Democratic Party president Zoran Lutovac said on March 12 that one of the messages Serbian Premier Zoran Djindjic wanted to be clear and unambiguous was that the ethics of good intentions must be replaced with the ethics of responsibility if we wanted to make Serbia into a regulated state and a free society.
In a piece he penned for BETA on the 18th anniversary of Djindjic's assassination, he wrote that the metaphor, "a tool God forgot when creating the world," had been a powerful instrument in Djindjic's communication with the public.
"Without the ethics of responsibility and solidarity, which Djindjic stood for, as a society we will stagger in a community of demagoguery, without purpose or perspective," the Democratic leader stressed, adding that what Djindjic wanted wasn't to display the splendor of his mind, but to be understood.

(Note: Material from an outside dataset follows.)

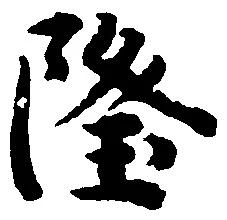 隆 위치 확인됨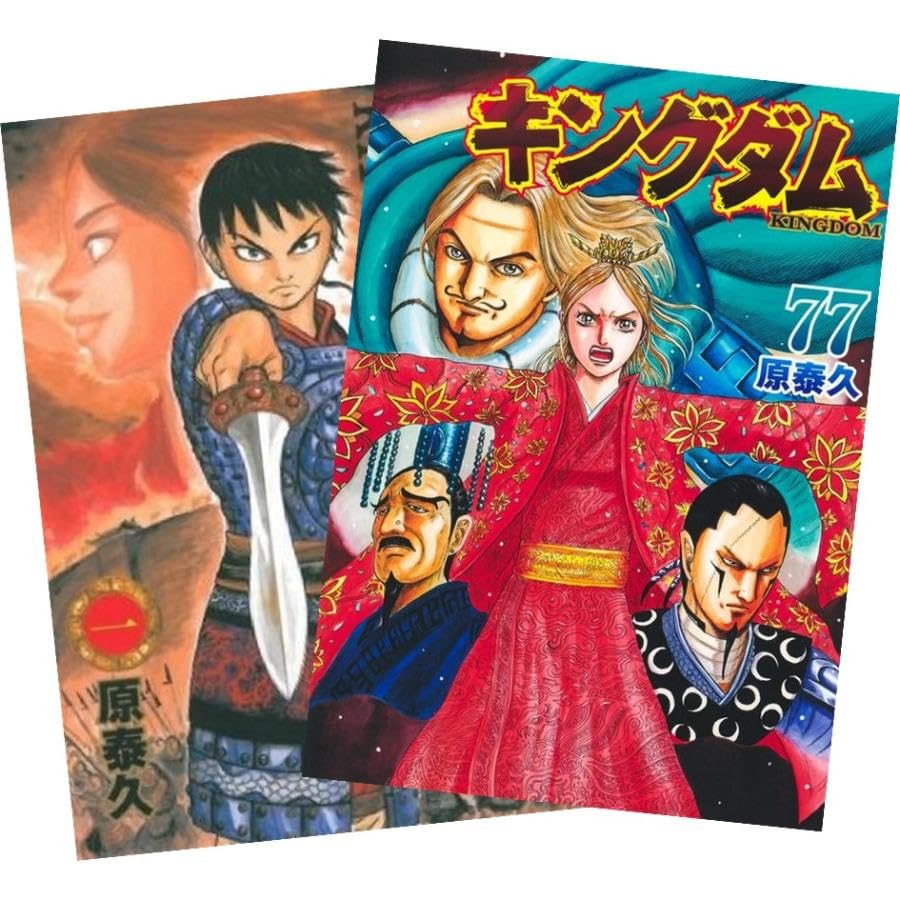 キングダム　1〜70巻　グッズ付き！ キングダム1〜70巻グッズ付き！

The sociologist Vesna Pesic, formerly the president of the Civic Alliance of Serbia, said on March 12 that Serbia would not be a "sick" state today if Djindjic had not been murdered.
Pesic told BETA that, in the 1990s, Djindjic had said that the Serbian Radical Party, then led by Vojislav Seselj, Tomislav Nikolic and Aleksandar Vucic, "spreads disease, not national policy."
"Because of that disease, Serbia today is a prostrate and paralyzed state. Djindjic had a vision for a modern Serbia, he wanted us to make something of ourselves, to be part of the European family. We have taken the wrong turn and strayed, and it's hard to find our way again," Pesic said.